Project Coordinator - HDYO
HDYO’s 2014 Project Review
New Parent content
Our latest article for the HDYO website is the conversation starters section for the parent area of the site. This article offers parents advice on how to discuss HD with their children, with actual examples of things you could say to a child of various age groups. Inspiration for this article was found in the HDSA booklet talking with kids about HD. You can view the article here.
Know Your Rights Video
In July we went to the Scottish HD Youth Camp to recruit the young people there to be involved in a video project. The aim was to produce a fun, short video that highlights young people’s rights with regards to HD. Young people all have rights according to the United Nations Convention on the Rights of the Child, we took those rights and made them applicable to a young person impacted by HD. The result was a really nice video that helps young people understand the rights they all have.
Young People Impacted by HD Video
June saw us head to America for the HDSA Convention and it was here where we filmed perhaps our most insightful video project yet.
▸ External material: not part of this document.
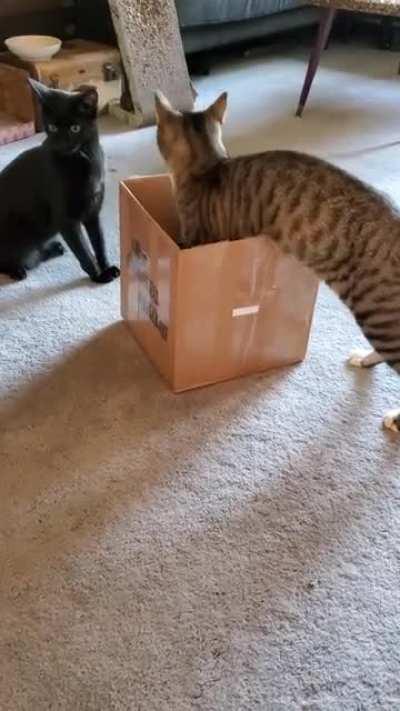 Cat 1: Catculation confirms I cannot fits, no sits. Cat 2: Catculation confirms, I fits... I sits.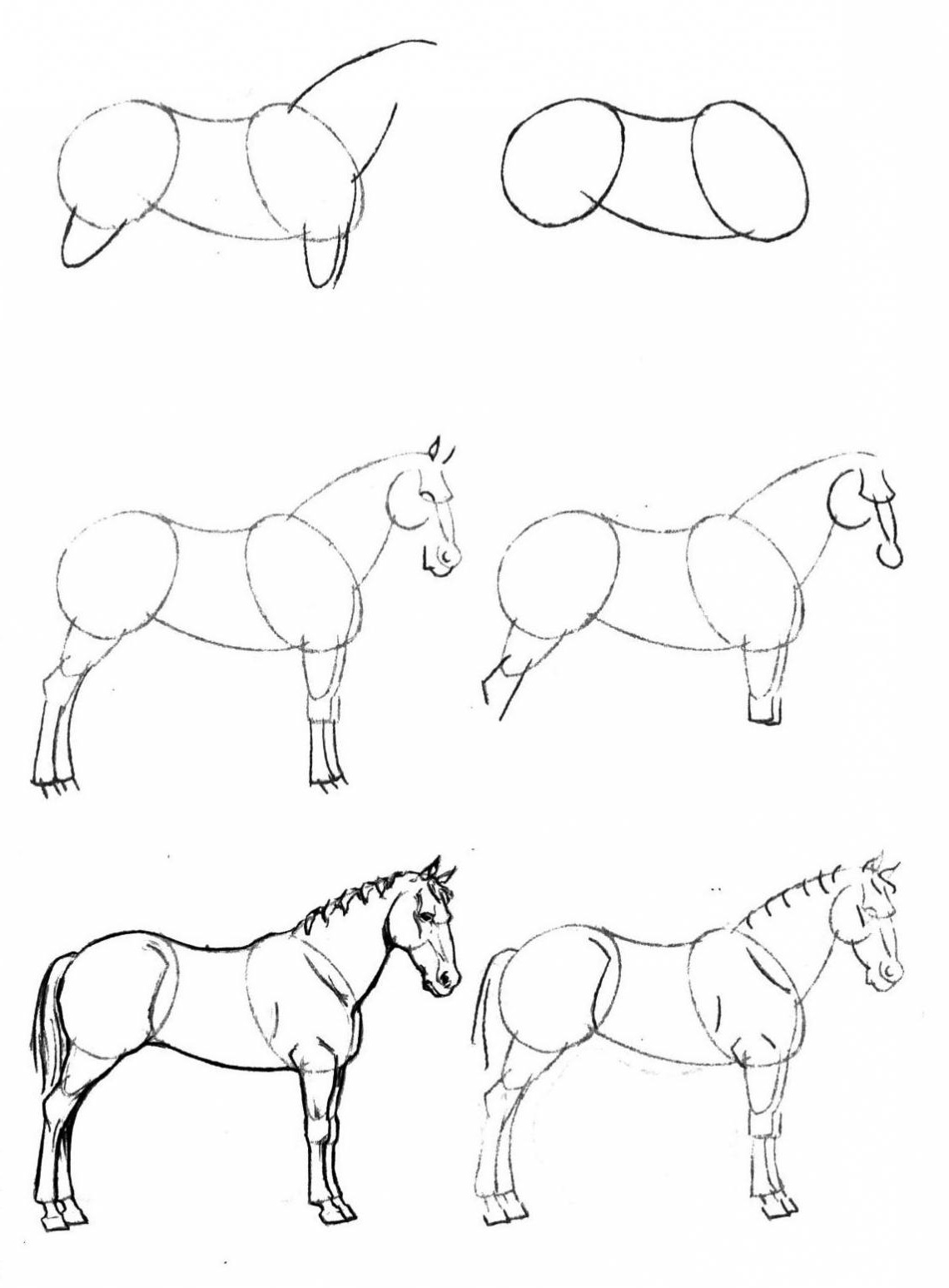 Dessin Cheval Facile Dessin Cheval Facile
Our goal was to highlight how HD impacts on the lives of young people by doing a series of interviews with young people at the convention and, once back home, spending a lot of time editing the interviews to cut all that footage down into one very moving and insightful video that truly portrays the challenges young people face. 21 Young people participated in this project over the course of 2-3 days during convention and their incredible bravery to be so honest about their lives was what made the video so effective. If you haven’t seen this video, I encourage you to do so, it is eye-opening.
Some feedback we received for this video:
“This is one of the best pieces that HDYO has created!”
“This video is amazing and so needed! It brought me to tears, so happy there is HDYO for these kids. Great job!!”
“Our children need to be advised and guided through the HD nightmare, HDYO thank you.”
“Thinking about sharing this video with the new middle/high school guidance counselor.”
“What a powerful video. All of the things I felt growing up but rarely voiced.”
HDYO Youth Service
As mentioned in the opening letter, with the fabulous support of the Griffin Foundation, we were able to begin a 3-year pilot project to develop a HD youth service in the Mid-Atlantic region of the US. Chandler Swope, a social worker with a wealth of youth service experience was recruited to the role and begun in January. Since then the development of the project has progressed at a steady and very positive pace, with currently 45 young people in the youth service database, 16 home visits and 1 family event arranged in that time. We’re really pleased with the position the service is in coming to the end of year 1 and it sets things up nicely for years 2 and 3 where we aim to recruit far more young people and develop a regular events calendar for peer support in the region. The project has been based at Georgetown HD clinic, who have been superb in their support of Chandler on a day-to-day basis, as well as HDSA who are partnering the project and have opened up many doors for Chandler on the ground there in the Mid-Atlantic region. Here’s some feedback so far from young people and parents that have used the service:
“I love working with Chandler and HDYO. My family has been affected by HD and they take the time to hear you and your stories. Chandler and HDYO are awesome and I would not know what I would do without them.“ – Parent
“It’s been fabulous. Everyone is so supportive.” - Young Person
“The greatest thing was meeting Chandler Swope director of YOUTH services. She talks with kids and councils them. Answers questions they may not ask us or just lets them check in. Most important helps them realize they are not alone in this, there are other kids dealing with the same.” – Parent
HDYO Youth service video
To help highlight the service Chandler recently worked on a video with some young people and families. Hopefully insight into the project through this video will encourage more young people and families to get involved as the project develops. Here’s the video link:
What is HD/JHD Brochure
I’ve just finished this project and I am delighted with the outcome. We’re often asked by young people or family members if we have any resources to hand out at events to explain simply what HD and JHD are. We decided that this was a gap in our resources so set about working on a brochure to explain HD and JHD easily and creatively to the general public and young people. See a page of the brochure (right), if you want copies of the brochure please get in touch.
New merchandise items
We’ve added a number of cool items to the HDYO store this year to accompany the two stalwarts of the store: the HDYO shirt and wristband. New items include HDYO cups, sunglasses, stress balls, keychains, balloons and yoyos. The stress balls, yoyos and balloons are all free at events. We don’t make a profit from the store items, just enough to cover restocking and postage costs. The HDYO store is purely a way for people to express themselves positively with regards to HD!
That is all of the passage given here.